Faşist Terör ve OHAL’E Karşı Mücadele

10-) Deprem enkazı 20 yıllık çürümüş cesede dönmüş olan Erdoğan rejiminin de enkazıdır. Erdoğan iktidarının deprem boyunca yapmış olduğu her hamle kendi iktidarlarının bekasına yönelik bir hamle olmakla birlikte seçime yönelik de bir hazırlık sürecidir. Bu deprem güç kaybeden eriyen Erdoğan rejiminin içinde bulunduğu siyasi krizi ve çürümeyi derinleştirici bir etkiye sahiptir. Erdoğan’ın en büyük avantajı en az onun kadar basiretsiz ve silik muhalefetin var olmasıdır. Millet İttifakı Erdoğan’ın içinde bulunduğu bu açmazlardan kurtaran can simidi işlevi görmektedir. Unutulmaması gereken gerçeklik şudur ki; Karşısındaki hükümet kayyum hükümetidir. Karşımızdaki rejim OHAL rejimidir. Temel gıdası gasp, yağma, sömürü ve faşist terördür. Bu ablukayı ancak ve ancak emekçilerin kitlesel militan seferberliği dağıtabilir.

11-) Depremin daha ilk gününden emekçi sınıfların tabandan gelişen bir dayanışma seferberliği içine girmeleri, devletin depreme hiçbir faydasının dokunmaması kitlelerde hükümetin ve devletin tüm meşruluğunun sorgulanmasına ve devletin tüm itibarının halkın gözünde ciddi oranda zedelenmesine yol açmıştır. Tam da bu ortamda Ümit Özdağ gibi tescilli Nazi artıkları devreye girerek, ırkçı pogromlar, faşist terör eylemleri örgütlemek için üst düzey provakatif faaliyetler içinde bulundu. Faşistlerin karakteristik bir özelliği vardır: Bir kriz anında egemen sınıfları, iktidarı, devletin kolluk güçlerini kendi iktidarına ikna etmek için toplumun en zayıf ve korumasız olduğu düşünülen kesimlerine karşı ısrarlı bir düşmanlaştırma kampanyası gerçekleştirirler. Bu krizin tüm faturasını toplumun en ezilen, örgütsüz, saldırıya en açık kesimlerine yöneltirler. Bu kampanyaya dahilinde linç, öldürme, sürgün, imha gibi talepleri ısrarlı şekilde tekrarlarlar.
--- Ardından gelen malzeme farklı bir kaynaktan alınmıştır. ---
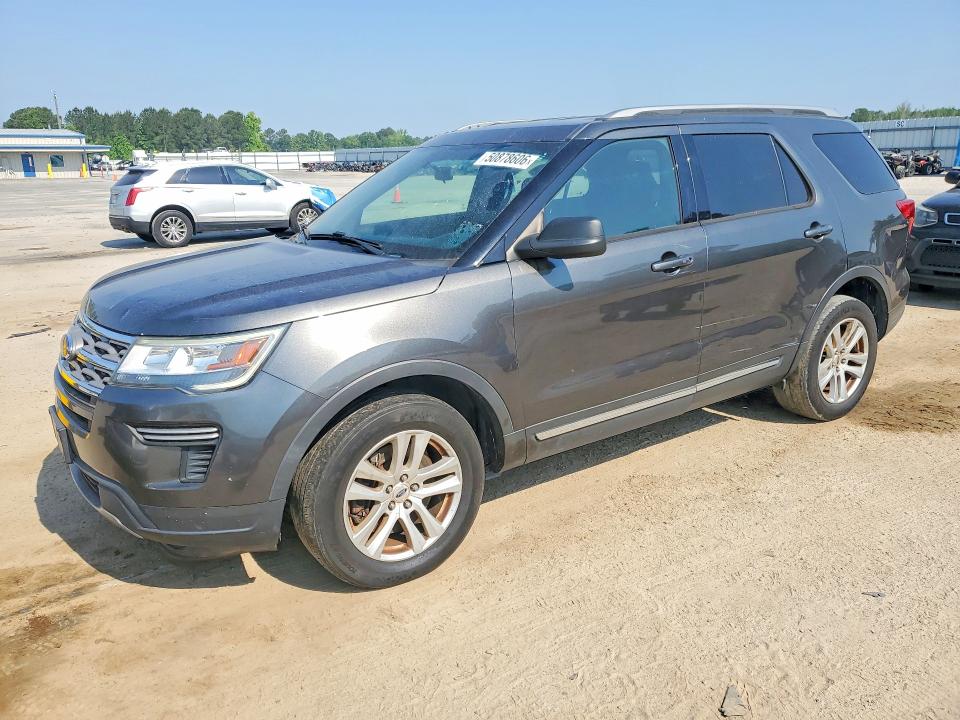 2018 FORD EXPLORER XLT - 1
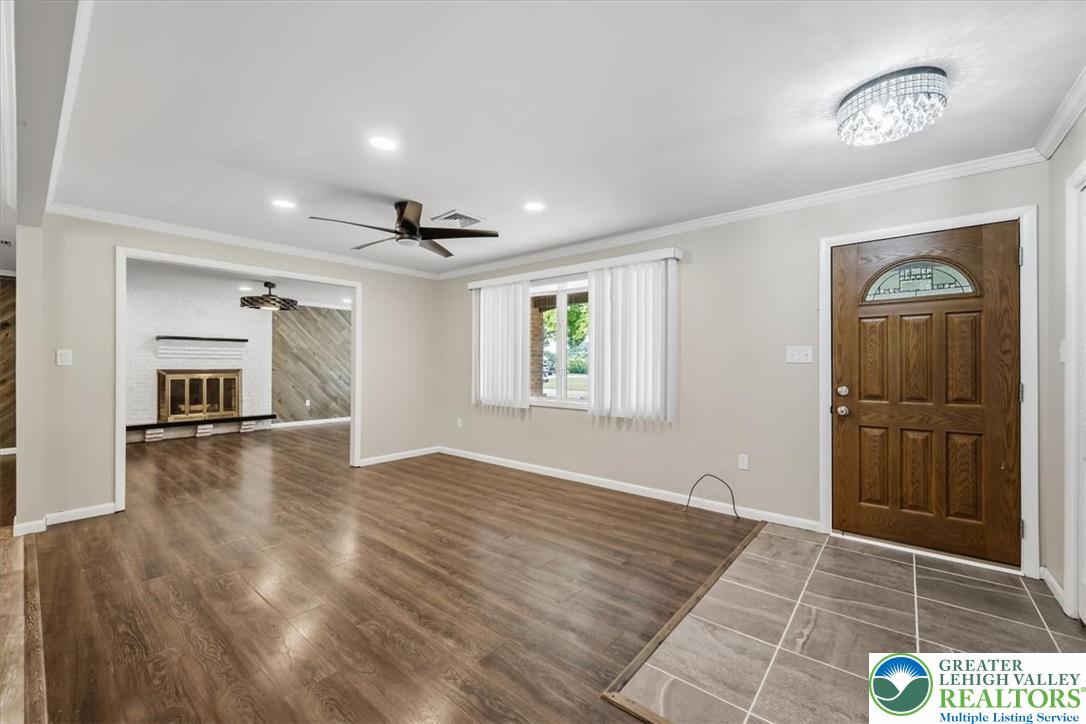 5429 Curtis Drive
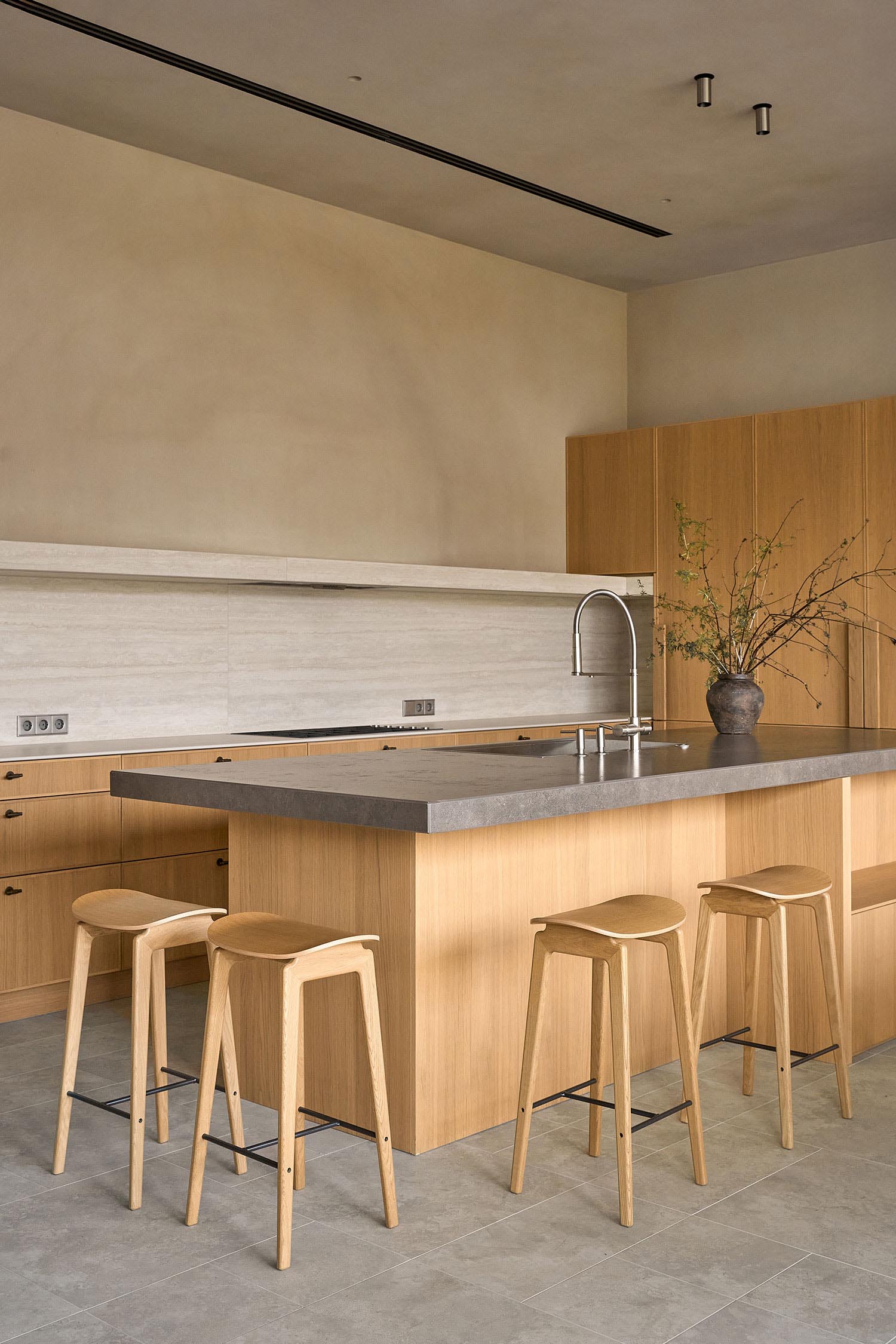 Sivak+Partners Studio,别墅设计,别墅设计案例,乌克兰,极简主义别墅,极简风格,原木色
Bir yandan toplumunun en lümpen kesimlerinden oluşturdukları faşist çeteler aracılığıyla faşist terör eylemleri gerçekleştirip iktidara basınç uygulamaya çalışırlar. Hükümetler de bir yere kadar bu eylemlerin gerçekleşmesinden memnundurlar ve bunun önünü de açmaktan geri durmazlar. Çünkü böyle durumda su bulanıklaşır. Kendisine yönelen öfke farklı yerlere kayar, devletin zor aygıtını daha güçlü şekilde kullanmasının siyasal meşruiyetini bulurlar. Ne zaman ki bu faşist tırmanış kendi işine yarayan bir rotadan çıkmaya başlar, o zaman küçük çaplı müdahalerde bulunmaya başlar. Bu süreç ikna yoluyla da gerçekleşebilir, zor yoluyla da.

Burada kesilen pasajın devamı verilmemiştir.